Take the lines from the one with "A commemorative medal" through the end of the material below and repeat them exactly, dropping every picture.

━━ EXTRACTED ENTRIES ━━

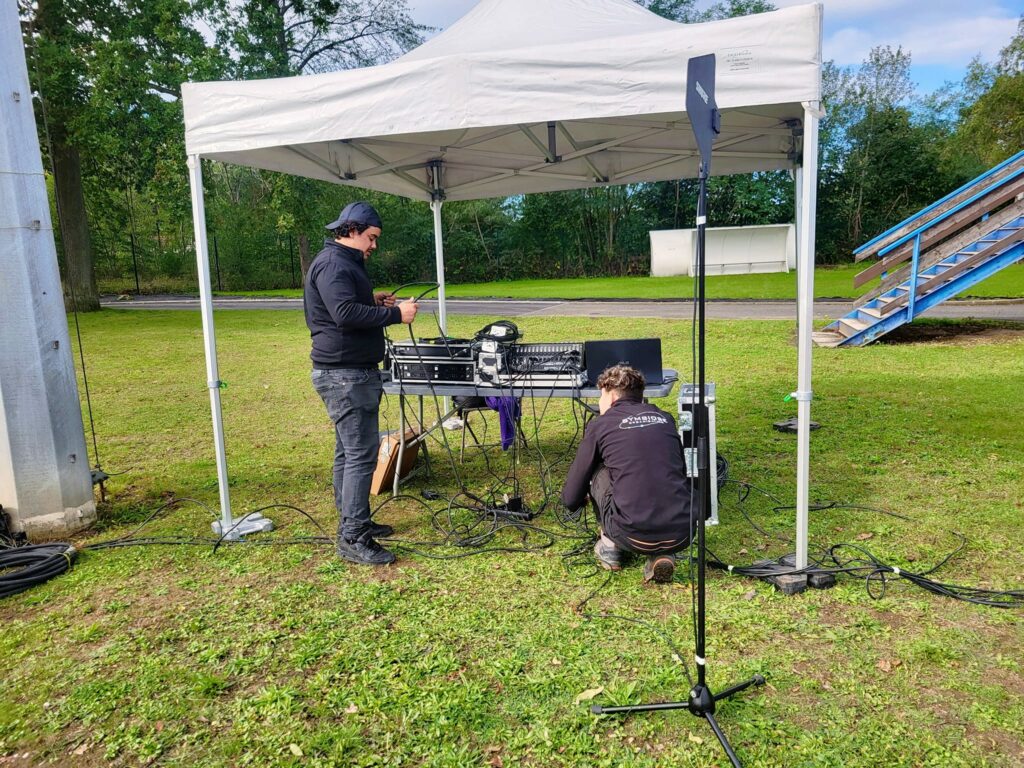 Deux techniciens installent du matériel audio sous un chapiteau lors de l'événement Sport en fête à la Celle Saint-Cloud.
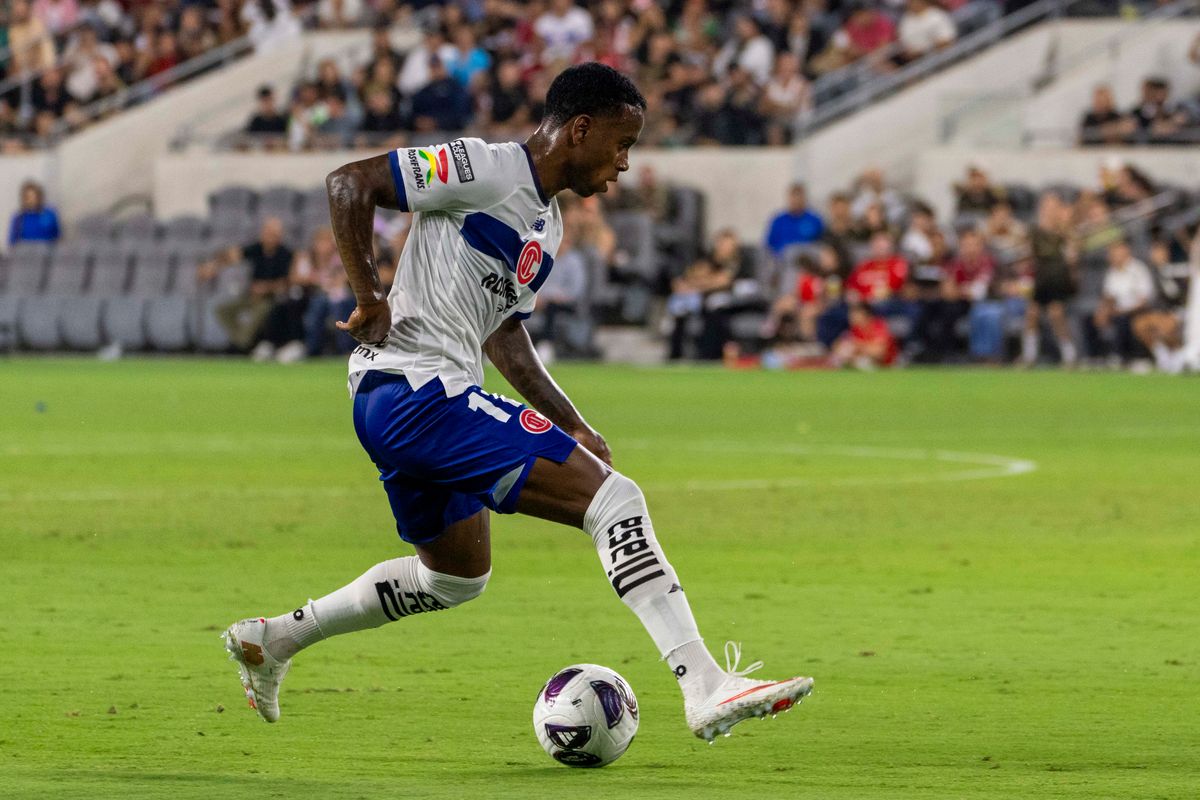 Helinho #11 of Toluca FC dribbles past the defender during a Leagues Cup match against LAFC, Saturday August 8, 2026 in Los Angeles, California.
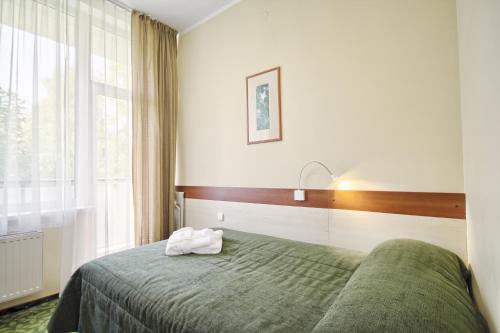 Katil atau katil-katil dalam bilik di Medical SPA "Eglės sanatorija" Standard Druskininkai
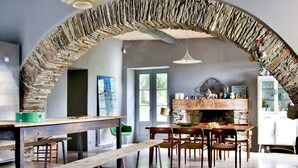 Un espace repas agrémenté d’une arche en pierre, de tables et de chaises en bois.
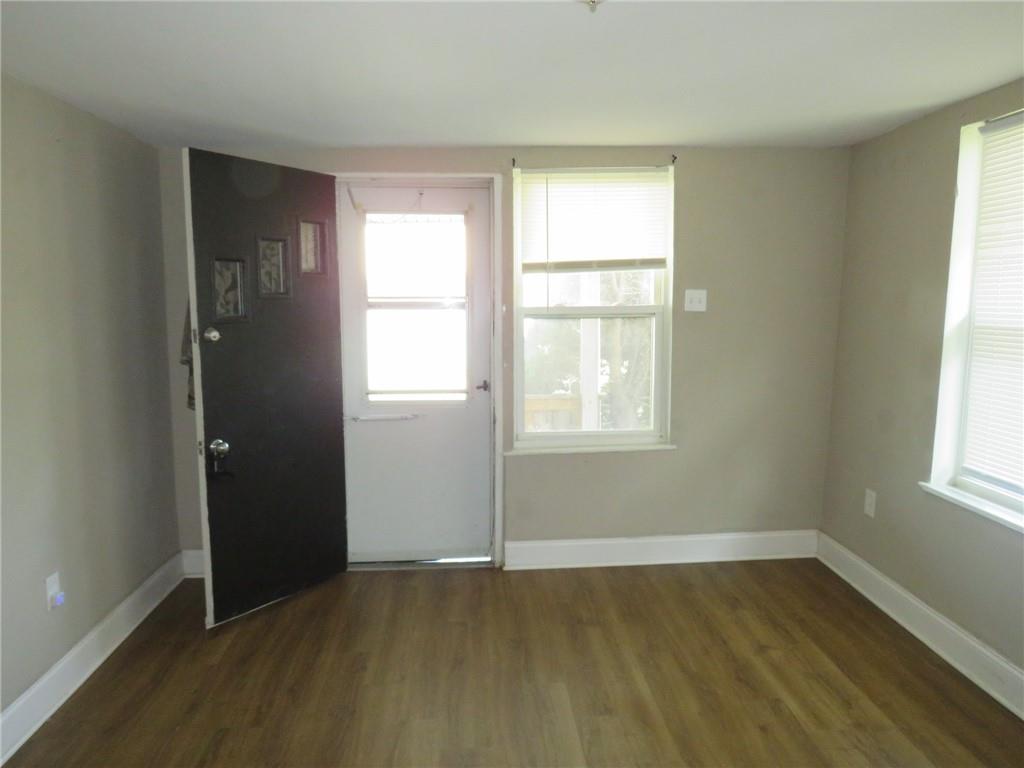 680 Hamilton Monroeville, PA 15146 - Photo 2 of 18 an empty room with wooden floor and windows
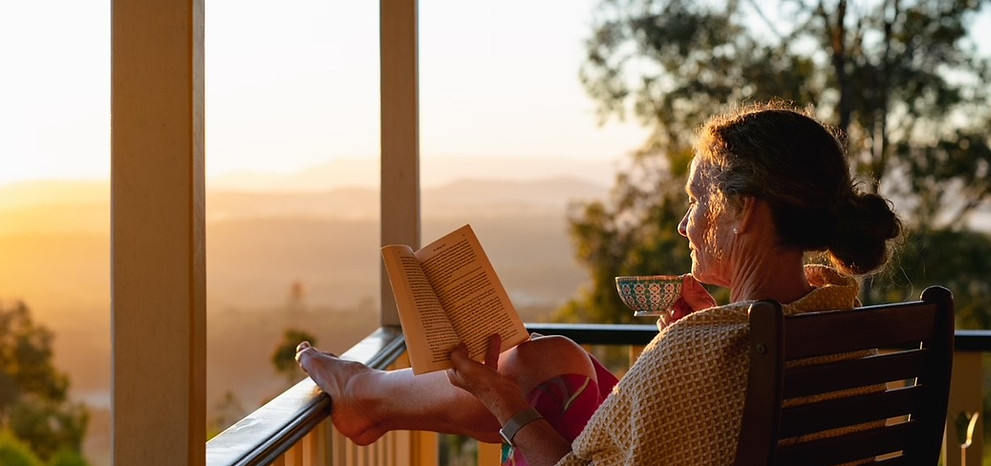 A woman reading a book on a balcony, at sunset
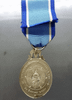 A commemorative medal decorated with a ribbon, celebrating the 60th birthday anniversary of Her Majesty Queen Sirikit, 2004, "Male Model"
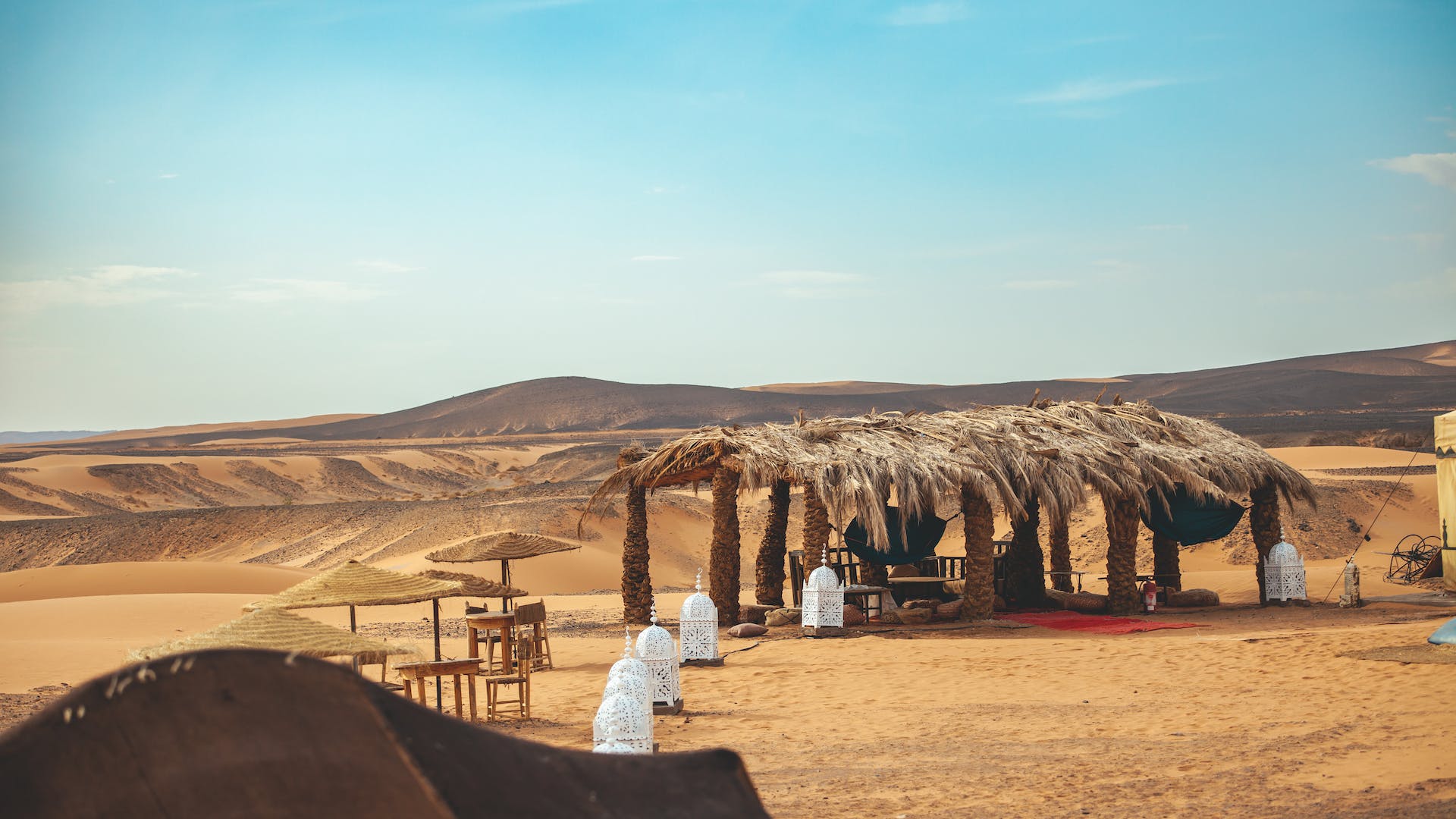 Image showcasing the luxurious accommodations of Camp Lux in Merzouga Desert, featuring well-appointed tents amidst the desert landscape, providing comfort and scenic views of the dunes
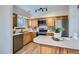 Modern kitchen featuring wood cabinets, stainless steel appliances, and functional layout at 5511 S Lowell Blvd, Littleton, CO 80123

━━━

▸ YOUR SOLUTION
 A commemorative medal decorated with a ribbon, celebrating the 60th birthday anniversary of Her Majesty Queen Sirikit, 2004, "Male Model"
 Image showcasing the luxurious accommodations of Camp Lux in Merzouga Desert, featuring well-appointed tents amidst the desert landscape, providing comfort and scenic views of the dunes
 Modern kitchen featuring wood cabinets, stainless steel appliances, and functional layout at 5511 S Lowell Blvd, Littleton, CO 80123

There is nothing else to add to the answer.